Die deutsche Sprachgruppe ist dabei die einzige, die sich eher mit der Übersetzung von Bezeichnungen neuer Ortschaften anfreunden könnte, als mit der Beibehaltung der (tolomeischen) Übersetzungen bestehender Orts- und Flurnamen.
Wiewohl Südtirolerinnen italienischer Muttersprache eine deutlich größere Zustimmung zur flächendeckenden Übersetzung von Toponymen zeigen, stimmen immerhin zwischen einem guten Viertel (27,8%) und einem knappen Drittel (32,9%) von ihnen nicht mehr mit dieser Forderung überein.
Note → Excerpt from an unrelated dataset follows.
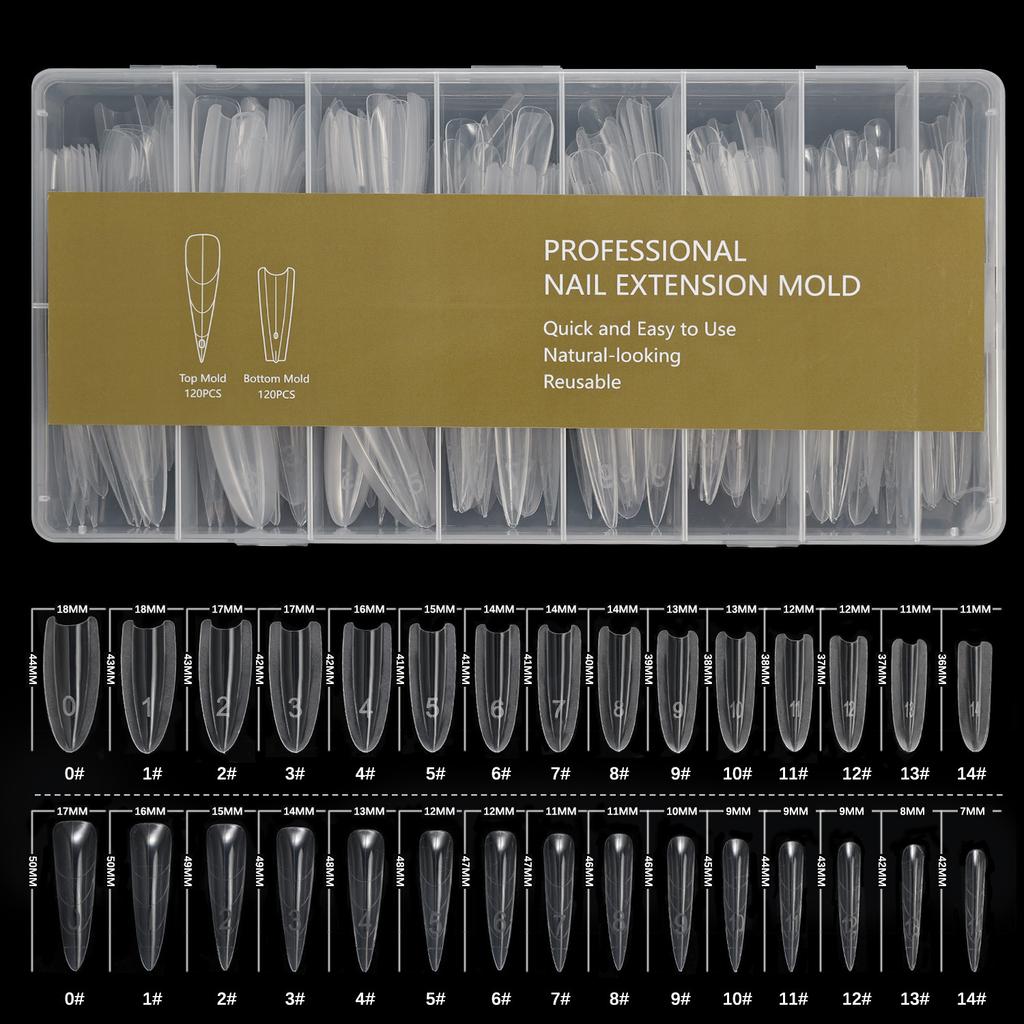 240 Peças Unhas Postiças Longas trapezoidais ovais modelo de unha de extensão cola fototerapia molde de construção para salões de unhas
Das ist deutlich mehr, als man vermutlich erwartet hätte — und bedeutet einen klaren Fortschritt im Vergleich zur Erhebung von 2004.
Die (relativ hohen) Zustimmungswerte der Ladinerinnen zur Übersetzung von Ortsbezeichnungen könnten meiner Meinung nach wenigstens teilweise mit einem möglichen Missverständnis zusammenhängen: Deutlich öfter als im restlichen Südtirol sind in Ladinien mehrere, manchmal alle drei Ortsbezeichnungen historisch gewachsen. Die Abkehr von Übersetzungen könnte hier die Unsicherheit befeuern, ob am Ende tatsächlich das ladinische Endonym erhalten bliebe — und nicht gerade dieses zugunsten der deutschen bzw. italienischen Bezeichnung aufgegeben werden müsste. Hätte die Frage also deutlich zum Ausdruck gebracht, dass in Ladinien (wennschon) die »deutschen« und die »italienischen« Toponyme wegfallen würden, hätte hier das Umfrageergebnis möglicherweise anders ausgesehen. Aber das sind Spekulationen.
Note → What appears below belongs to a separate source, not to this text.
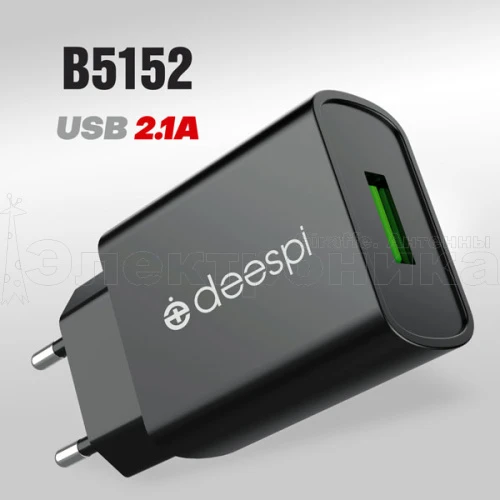 блок питания deespi ds-mr79, 5v / 2.1a , зарядное устройство с usb, черный цвет  фото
Für mich wenig überraschend ist die Tatsache, dass Südtirolerinnen mit einer anderen Muttersprache (als Deutsch, Italienisch oder Ladinisch) relativ wenig mit zwei- und dreisprachigen Orts- und Flurnamen anfangen können, ihre Zustimmung zu »Übersetzungen« also nur von der deutschen Sprachgruppe unterboten wird. Die flächendeckende »Übersetzung« von Toponymen ist als unbeseitigtes Überbleibsel einer totalitären Diktatur quasi ein weltweites Unikum, auf das Außenstehende häufig mit Verwirrung und Unverständnis reagieren. Besonders dann, wenn sie die historischen Hintergründe kennen.
In Summe sprechen sich laut Sprachbarometer nur noch 41,9% der Südtirolerinnen dafür aus, dass alle Orts- und Flurnamen zwei- oder dreisprachig sein sollten. Die Zustimmung zur zwei- oder dreisprachigen Benennung neuer Ortschaften ist mit 45,7% etwas höher, aber im Gegensatz zu 2004 ebenfalls nicht mehr mehrheitsfähig.